Business of Select Committee.

Members will recall that in February the then Minister for Finance wrote to the Select Committee on Finance and the Public Service asking it to co-ordinate an overview of the annual output statement process undertaken by the committee this year. Following previous discussions, the responses received and consideration of the research paper prepared for the committee by the library and research service, a draft response to the Minister has been circulated for discussion and agreement by the committee. Do members wish to make any additions or amendments to the draft letter before them? The second paragraph on the second page states:

The Committee is strongly of the view that they require further refinement and standardisation in order to achieve clarity in relation to the monies which have been spent in the context of each programme target, the activities involved, the outputs produced, the overall outcome and the link back to the subheads in the Estimate.

That is the kernel of the letter.

As a general principle these statements are of limited value until there is a clear link forged between the money and the targets we talked about. At the moment there are broad categories of cash expended and a series of targets, some of them achieved and some not. If budgets are to be spent in a way that performance is clear, there has to be a link from the outset between the money being allocated and the performance that is expected. They will not always be perfect but the current system whereby budgets and Estimates are drawn up without any indication of what it is intended to achieve, is very unsatisfactory.

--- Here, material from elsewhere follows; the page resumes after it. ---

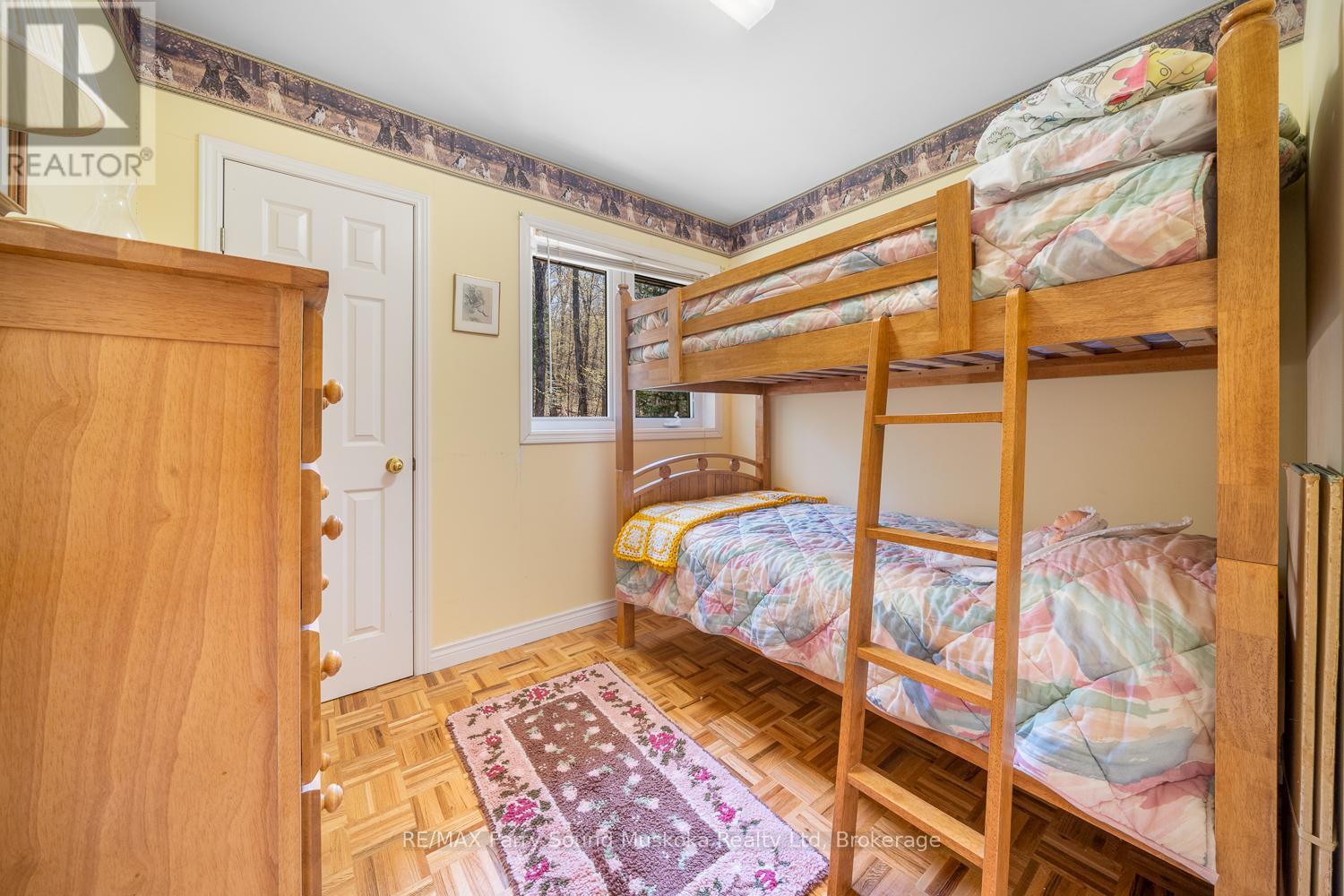 25 Dancy Lane, Mckellar, Ontario  P2A 0B5 - Photo 24 - X12191006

The output statements come much later in the development and it is retrofitted into the money that is already committed and then in itself it is highly selective as to what targets they decide are important. The selection of targets rarely connects with the public's view of what is the priority of those Departments. They are typically progress targets — a very high proportion of them are progress targets like the completion of some committee meeting or having six colloquiums on some subject. They are not hard-edged targets that the public would understand.

This process is not succeeding in linking money with results. It is not making clear what the Government is trying to achieve and setting some form of accountability standard for it. It is falling between all the stools. While I do not think it is to be rejected, it is a move in the right direction but it is so seriously flawed that unless it quickly improves it will be generating heaps of paper and very little real performance motivation.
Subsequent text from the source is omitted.